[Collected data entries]
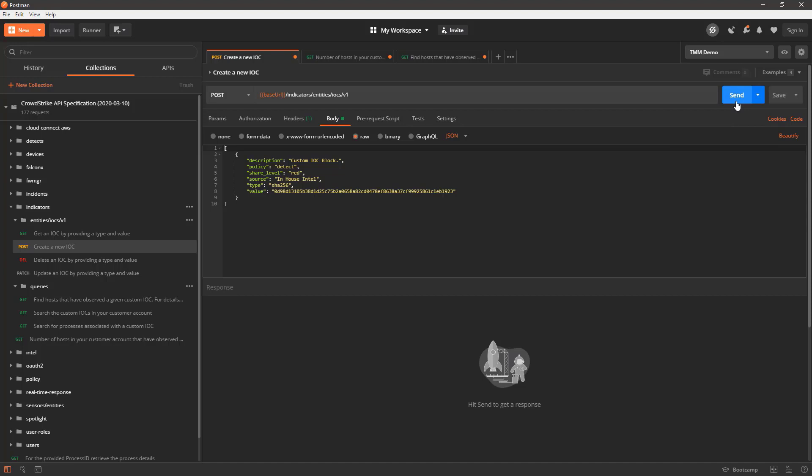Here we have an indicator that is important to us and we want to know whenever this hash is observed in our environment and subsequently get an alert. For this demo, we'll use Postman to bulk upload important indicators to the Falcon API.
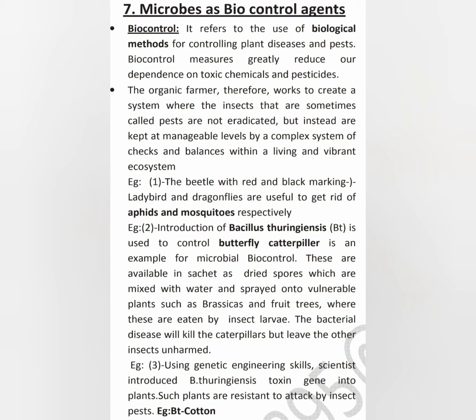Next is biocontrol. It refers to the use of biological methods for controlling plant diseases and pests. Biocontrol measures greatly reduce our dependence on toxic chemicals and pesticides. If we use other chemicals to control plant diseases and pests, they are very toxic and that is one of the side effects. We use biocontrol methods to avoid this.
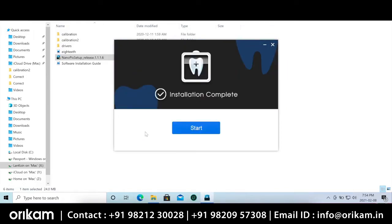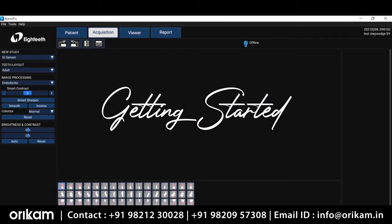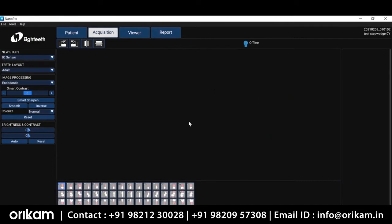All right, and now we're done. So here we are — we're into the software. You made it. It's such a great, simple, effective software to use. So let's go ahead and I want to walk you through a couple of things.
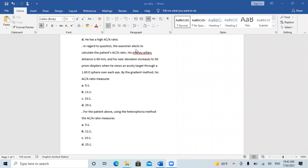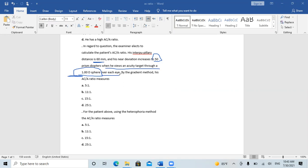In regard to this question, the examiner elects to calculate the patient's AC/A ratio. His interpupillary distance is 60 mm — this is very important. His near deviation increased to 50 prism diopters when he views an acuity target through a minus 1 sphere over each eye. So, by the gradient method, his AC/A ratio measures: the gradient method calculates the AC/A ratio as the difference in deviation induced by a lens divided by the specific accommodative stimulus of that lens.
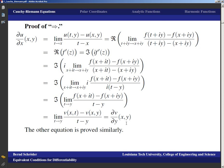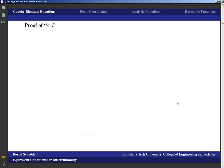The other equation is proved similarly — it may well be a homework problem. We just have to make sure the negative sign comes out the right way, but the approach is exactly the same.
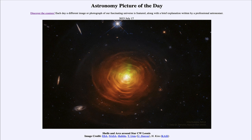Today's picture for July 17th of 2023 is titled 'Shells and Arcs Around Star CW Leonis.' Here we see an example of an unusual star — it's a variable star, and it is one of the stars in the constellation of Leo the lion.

▶ Work order: Quote exactly, and only, the lines from the one containing "The other equation" through the last line of the records above, both included; leave out any pictures.

▶ Solved exercise:
The other equation is proved similarly — it may well be a homework problem. We just have to make sure the negative sign comes out the right way, but the approach is exactly the same.
Today's picture for July 17th of 2023 is titled 'Shells and Arcs Around Star CW Leonis.' Here we see an example of an unusual star — it's a variable star, and it is one of the stars in the constellation of Leo the lion.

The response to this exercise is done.